Here, I'd like to get a bit more personal as the designer and developer of Clearview IPMP. The project has been a real labor of love, borne both from the challenges many of Sun's top enterprise customers have faced trying to deploy IPMP, and from the formidable internal effort needed to keep the pre-Clearview IPMP implementation chugging along for the past decade. That is, it became clear that IPMP was both simultaneously a critical high-availability technology for our top customers and also an increasing cost on both our engineering and support organizations -- we either needed to kill it or fix it.
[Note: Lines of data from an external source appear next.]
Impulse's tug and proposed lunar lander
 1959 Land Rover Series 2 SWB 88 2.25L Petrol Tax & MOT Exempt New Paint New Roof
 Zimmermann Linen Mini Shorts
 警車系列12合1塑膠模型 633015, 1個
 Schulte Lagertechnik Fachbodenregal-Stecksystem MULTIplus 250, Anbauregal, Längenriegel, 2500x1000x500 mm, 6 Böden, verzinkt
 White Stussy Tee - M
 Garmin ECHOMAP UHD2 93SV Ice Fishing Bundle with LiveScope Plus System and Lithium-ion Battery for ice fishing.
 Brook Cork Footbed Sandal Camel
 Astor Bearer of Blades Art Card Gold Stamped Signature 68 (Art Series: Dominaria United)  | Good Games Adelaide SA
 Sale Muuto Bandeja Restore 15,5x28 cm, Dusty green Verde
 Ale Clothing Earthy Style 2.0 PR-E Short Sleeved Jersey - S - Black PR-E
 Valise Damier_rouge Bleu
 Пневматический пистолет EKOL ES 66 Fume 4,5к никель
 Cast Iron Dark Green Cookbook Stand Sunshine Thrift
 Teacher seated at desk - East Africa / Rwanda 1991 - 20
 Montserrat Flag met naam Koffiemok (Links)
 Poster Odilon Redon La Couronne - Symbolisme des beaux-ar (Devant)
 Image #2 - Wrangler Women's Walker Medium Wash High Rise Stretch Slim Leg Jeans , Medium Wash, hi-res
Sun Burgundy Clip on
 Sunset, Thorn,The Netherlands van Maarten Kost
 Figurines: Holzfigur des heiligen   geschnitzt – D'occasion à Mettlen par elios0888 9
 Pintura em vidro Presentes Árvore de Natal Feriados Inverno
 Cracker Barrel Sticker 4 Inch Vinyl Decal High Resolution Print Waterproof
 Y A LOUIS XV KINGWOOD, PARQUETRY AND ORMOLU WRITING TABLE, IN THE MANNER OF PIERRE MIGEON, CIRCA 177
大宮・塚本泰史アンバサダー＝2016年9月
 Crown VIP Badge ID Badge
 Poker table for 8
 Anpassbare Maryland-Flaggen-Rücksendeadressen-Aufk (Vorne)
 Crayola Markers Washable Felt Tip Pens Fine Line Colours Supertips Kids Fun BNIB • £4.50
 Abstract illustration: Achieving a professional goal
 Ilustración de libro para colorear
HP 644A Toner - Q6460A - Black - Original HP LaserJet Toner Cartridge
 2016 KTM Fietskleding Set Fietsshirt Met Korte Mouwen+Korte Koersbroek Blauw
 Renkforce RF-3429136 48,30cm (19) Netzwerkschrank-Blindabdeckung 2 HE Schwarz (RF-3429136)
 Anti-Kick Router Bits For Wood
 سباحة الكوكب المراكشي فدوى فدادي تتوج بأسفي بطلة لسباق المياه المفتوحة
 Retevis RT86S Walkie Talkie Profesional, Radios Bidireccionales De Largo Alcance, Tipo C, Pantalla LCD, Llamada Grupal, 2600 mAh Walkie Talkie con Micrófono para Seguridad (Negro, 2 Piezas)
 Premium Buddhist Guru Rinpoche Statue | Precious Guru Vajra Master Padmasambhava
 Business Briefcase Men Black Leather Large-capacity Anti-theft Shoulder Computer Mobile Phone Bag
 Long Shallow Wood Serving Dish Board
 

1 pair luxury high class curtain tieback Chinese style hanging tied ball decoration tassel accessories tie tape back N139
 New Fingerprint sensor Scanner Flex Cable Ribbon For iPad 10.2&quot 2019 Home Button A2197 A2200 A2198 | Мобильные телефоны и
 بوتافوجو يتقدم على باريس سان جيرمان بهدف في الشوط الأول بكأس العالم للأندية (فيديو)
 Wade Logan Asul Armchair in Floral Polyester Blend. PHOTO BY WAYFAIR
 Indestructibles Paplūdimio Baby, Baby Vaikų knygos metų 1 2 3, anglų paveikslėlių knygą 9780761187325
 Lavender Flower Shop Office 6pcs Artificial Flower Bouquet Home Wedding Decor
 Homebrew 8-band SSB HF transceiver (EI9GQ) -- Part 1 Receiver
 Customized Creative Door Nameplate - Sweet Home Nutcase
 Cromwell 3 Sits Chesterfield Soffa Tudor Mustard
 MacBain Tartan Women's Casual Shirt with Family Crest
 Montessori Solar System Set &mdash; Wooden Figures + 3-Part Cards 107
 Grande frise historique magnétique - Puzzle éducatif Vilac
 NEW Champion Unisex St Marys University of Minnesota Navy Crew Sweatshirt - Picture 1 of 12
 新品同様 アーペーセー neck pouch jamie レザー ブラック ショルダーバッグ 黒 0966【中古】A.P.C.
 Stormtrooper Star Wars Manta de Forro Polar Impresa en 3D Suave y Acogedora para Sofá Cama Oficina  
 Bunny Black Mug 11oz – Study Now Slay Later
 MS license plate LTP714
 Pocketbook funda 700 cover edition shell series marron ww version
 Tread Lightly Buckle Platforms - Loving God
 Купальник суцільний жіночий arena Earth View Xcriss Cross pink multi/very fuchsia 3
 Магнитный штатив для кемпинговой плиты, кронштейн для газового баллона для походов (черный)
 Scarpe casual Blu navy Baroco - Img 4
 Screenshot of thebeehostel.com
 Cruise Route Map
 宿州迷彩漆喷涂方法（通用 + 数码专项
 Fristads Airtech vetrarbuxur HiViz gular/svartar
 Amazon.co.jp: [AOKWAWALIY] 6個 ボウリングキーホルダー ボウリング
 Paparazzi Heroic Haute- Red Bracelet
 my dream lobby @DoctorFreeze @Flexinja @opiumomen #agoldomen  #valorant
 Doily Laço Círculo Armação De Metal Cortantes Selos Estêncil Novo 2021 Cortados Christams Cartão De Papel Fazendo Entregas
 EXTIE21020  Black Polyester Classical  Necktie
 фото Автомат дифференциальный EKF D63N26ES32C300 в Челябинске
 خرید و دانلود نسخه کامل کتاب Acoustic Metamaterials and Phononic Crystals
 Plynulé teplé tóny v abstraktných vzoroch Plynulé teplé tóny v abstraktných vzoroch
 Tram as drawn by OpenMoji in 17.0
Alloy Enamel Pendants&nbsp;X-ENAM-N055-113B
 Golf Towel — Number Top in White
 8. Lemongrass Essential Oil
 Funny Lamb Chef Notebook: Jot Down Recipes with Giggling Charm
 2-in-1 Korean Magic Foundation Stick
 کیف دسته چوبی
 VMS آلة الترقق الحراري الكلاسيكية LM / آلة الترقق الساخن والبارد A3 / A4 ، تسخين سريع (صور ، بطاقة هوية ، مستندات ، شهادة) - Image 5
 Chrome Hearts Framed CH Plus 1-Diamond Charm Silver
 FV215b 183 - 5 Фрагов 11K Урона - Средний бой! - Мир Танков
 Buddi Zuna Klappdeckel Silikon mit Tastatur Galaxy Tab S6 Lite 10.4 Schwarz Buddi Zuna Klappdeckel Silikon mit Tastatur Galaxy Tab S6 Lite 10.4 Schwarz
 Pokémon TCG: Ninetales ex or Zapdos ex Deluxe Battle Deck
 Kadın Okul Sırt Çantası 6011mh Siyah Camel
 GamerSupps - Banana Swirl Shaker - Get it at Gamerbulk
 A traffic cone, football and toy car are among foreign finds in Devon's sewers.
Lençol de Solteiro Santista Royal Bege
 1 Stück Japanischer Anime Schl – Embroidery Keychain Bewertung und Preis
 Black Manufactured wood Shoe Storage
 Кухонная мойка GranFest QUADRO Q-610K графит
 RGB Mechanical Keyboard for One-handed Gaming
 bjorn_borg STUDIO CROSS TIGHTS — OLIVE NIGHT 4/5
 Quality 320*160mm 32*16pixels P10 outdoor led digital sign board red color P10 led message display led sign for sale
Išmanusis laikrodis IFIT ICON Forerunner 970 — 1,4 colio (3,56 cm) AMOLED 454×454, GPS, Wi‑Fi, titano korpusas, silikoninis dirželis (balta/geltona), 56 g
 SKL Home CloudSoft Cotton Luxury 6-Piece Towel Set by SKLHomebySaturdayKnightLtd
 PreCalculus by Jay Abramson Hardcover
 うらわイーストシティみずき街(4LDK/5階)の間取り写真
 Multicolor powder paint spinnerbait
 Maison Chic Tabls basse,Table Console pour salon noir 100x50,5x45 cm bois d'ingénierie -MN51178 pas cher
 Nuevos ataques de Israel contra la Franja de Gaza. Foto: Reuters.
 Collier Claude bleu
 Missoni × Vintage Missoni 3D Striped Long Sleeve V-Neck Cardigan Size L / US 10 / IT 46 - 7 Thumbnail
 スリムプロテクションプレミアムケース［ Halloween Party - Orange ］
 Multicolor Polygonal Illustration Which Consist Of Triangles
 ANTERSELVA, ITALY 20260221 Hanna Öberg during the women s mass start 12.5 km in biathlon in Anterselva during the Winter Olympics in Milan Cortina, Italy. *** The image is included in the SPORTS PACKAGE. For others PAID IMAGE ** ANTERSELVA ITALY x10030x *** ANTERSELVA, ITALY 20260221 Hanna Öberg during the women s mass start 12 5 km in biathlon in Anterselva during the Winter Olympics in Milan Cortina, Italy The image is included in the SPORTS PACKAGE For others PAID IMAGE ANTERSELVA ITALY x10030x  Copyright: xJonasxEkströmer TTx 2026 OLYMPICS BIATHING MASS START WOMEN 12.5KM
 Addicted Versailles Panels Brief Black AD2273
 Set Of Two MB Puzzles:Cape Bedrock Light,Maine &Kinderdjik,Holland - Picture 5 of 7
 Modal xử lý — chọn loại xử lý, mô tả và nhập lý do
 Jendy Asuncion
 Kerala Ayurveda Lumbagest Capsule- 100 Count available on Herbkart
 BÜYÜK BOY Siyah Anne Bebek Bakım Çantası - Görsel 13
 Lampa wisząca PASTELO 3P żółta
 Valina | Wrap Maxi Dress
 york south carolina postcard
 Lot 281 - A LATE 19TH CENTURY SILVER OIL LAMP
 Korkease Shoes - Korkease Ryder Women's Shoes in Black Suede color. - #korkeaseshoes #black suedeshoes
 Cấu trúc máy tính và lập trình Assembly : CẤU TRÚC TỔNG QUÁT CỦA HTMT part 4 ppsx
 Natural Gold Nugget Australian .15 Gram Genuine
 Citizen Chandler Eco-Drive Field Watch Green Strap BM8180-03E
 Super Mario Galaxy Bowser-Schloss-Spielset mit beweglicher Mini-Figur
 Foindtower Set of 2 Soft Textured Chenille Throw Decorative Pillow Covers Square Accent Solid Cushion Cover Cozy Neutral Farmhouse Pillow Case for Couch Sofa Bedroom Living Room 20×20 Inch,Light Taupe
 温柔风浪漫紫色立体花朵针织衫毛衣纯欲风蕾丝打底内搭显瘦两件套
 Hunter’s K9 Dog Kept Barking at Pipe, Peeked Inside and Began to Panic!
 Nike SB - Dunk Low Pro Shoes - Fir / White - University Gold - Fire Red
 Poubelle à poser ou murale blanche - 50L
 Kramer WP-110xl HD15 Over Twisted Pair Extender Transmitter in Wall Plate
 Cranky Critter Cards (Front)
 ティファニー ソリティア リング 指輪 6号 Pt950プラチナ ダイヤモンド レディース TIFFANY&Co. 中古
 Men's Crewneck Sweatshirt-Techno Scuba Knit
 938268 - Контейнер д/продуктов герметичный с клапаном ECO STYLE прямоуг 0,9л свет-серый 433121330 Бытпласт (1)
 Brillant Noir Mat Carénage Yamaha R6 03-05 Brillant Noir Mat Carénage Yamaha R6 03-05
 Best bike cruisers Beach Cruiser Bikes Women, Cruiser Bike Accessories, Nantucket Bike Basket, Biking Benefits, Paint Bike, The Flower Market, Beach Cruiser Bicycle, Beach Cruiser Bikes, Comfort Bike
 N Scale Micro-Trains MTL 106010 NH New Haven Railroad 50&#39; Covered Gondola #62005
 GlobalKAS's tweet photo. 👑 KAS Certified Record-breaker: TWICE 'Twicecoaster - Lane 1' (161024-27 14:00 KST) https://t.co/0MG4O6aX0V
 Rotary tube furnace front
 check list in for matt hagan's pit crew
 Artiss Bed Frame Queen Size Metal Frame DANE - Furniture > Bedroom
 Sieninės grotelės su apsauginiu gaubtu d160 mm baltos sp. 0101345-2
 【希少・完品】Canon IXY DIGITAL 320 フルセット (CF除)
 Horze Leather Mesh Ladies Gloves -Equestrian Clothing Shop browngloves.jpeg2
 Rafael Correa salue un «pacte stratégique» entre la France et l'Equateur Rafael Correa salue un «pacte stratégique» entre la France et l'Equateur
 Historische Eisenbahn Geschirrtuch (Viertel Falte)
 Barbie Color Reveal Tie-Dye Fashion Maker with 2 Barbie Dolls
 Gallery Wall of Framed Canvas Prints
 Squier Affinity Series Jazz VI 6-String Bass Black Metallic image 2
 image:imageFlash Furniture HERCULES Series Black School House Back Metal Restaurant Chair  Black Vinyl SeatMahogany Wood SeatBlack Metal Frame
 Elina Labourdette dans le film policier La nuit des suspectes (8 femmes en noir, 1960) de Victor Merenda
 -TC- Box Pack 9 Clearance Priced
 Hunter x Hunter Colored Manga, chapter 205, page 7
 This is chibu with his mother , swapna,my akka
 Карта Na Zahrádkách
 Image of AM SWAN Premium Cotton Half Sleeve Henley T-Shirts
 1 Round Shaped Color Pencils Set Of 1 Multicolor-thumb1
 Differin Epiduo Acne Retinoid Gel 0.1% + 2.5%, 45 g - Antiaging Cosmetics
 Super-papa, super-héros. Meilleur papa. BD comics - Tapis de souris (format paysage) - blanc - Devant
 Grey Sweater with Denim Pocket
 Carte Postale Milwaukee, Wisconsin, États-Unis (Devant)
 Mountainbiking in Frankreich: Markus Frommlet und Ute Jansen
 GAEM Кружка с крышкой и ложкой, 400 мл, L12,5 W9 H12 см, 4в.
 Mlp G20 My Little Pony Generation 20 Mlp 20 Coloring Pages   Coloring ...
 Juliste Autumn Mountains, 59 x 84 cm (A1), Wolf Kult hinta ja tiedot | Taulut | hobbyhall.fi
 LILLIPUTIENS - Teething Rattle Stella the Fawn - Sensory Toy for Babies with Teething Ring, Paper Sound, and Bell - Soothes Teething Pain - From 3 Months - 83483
Ever the optimist and buoyed by a growing customer interest in IPMP, I convinced management that I could tackle this work as part of the broader Clearview initiative that Seb and I were in the process of scoping (and moreover, either killing or fixing IPMP was required to meet Clearview's Umbrella Objectives).

From an engineering standpoint, IPMP is a case study in how much it matters to have the right abstractions. Specifically, the old (pre-Clearview) model was a struggle in large part because it introduced a new "group" abstraction to represent the IPMP group as a whole, rather than modeling an IPMP group as an IP interface (more on core network interface abstractions). This meant that every technology that interacted directly with IP interfaces (e.g., routing, filtering, QoS, monitoring, ...), required heaps of special-case code to deal with IPMP, which introduced significant complexity and a neverending stream of corner cases, some of which were unresolvable. It also made certain technologies (e.g., DHCP) downright impossible to implement, because their design was based on assumptions that held in \*all\* cases other than IPMP (e.g, that a given IP address would not move between IP interfaces). More broadly, with each new networking technology, significant effort was needed to consider how it could be made to work with IPMP, which simply does not scale.

The real tragedy of the old implementation is that the actual semantics -- while often misunderstood by customers and Sun engineers alike -- actually acted as if each IPMP group had an IP interface. For instance, if one placed two IP interfaces into an IPMP group, then added a route over one of those IP interfaces, it was as if a route had been added over the IPMP group. I say "tragedy" because this was wholly unobvious, and thus understandably led to numerous support calls. Similar surprises came from the fact that a packet with a source IP address from one IP interface could be sent out through another IP interface. In short, the implementation had cobbled together various other abstractions to build something that acted mostly like an IPMP group IP interface, but wasn't actually one.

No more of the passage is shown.